* Record set *
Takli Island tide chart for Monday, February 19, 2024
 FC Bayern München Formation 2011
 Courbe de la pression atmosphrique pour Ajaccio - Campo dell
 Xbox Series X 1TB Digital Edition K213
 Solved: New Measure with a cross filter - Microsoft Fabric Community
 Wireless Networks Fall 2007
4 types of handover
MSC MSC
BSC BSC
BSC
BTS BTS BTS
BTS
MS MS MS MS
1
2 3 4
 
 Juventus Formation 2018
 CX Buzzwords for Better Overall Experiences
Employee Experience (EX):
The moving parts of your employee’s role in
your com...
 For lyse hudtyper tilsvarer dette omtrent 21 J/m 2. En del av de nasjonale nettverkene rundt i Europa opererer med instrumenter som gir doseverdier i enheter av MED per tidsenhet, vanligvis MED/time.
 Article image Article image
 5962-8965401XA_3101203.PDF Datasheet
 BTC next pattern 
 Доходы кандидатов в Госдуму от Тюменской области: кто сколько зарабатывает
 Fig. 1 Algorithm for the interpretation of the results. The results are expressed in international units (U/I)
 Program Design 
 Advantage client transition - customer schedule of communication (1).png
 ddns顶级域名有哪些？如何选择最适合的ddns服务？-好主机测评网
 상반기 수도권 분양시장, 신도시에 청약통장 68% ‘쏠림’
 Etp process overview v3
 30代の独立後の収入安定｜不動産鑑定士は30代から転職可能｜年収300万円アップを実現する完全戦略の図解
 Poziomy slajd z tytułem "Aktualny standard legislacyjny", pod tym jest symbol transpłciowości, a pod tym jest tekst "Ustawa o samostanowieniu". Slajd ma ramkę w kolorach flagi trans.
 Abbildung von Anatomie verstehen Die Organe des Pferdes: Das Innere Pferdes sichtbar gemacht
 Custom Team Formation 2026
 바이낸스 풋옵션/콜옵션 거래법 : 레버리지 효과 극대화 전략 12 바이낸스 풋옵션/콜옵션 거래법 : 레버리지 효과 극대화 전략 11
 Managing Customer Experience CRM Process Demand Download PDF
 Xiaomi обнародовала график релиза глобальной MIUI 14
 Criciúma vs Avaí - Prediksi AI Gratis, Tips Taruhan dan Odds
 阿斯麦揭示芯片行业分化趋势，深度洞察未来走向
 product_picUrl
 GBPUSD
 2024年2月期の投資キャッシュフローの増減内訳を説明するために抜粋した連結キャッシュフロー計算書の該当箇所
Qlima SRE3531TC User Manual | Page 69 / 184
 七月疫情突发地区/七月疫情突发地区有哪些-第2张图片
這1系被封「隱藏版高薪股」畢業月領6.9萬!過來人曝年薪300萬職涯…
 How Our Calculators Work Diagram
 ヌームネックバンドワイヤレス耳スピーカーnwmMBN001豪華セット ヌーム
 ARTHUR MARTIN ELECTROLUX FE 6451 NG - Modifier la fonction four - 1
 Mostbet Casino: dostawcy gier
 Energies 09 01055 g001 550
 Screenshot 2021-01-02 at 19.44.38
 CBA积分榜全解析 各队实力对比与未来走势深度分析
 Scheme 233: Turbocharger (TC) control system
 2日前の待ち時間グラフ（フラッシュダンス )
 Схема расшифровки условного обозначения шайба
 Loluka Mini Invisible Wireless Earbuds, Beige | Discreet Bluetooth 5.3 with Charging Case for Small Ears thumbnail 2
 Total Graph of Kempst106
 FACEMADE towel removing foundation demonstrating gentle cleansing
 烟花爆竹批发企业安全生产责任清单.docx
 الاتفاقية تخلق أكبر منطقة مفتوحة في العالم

* About this exercise *
Only a number is wanted. How many lines of the entries above carry "Formation"?

* Solved exercise *
3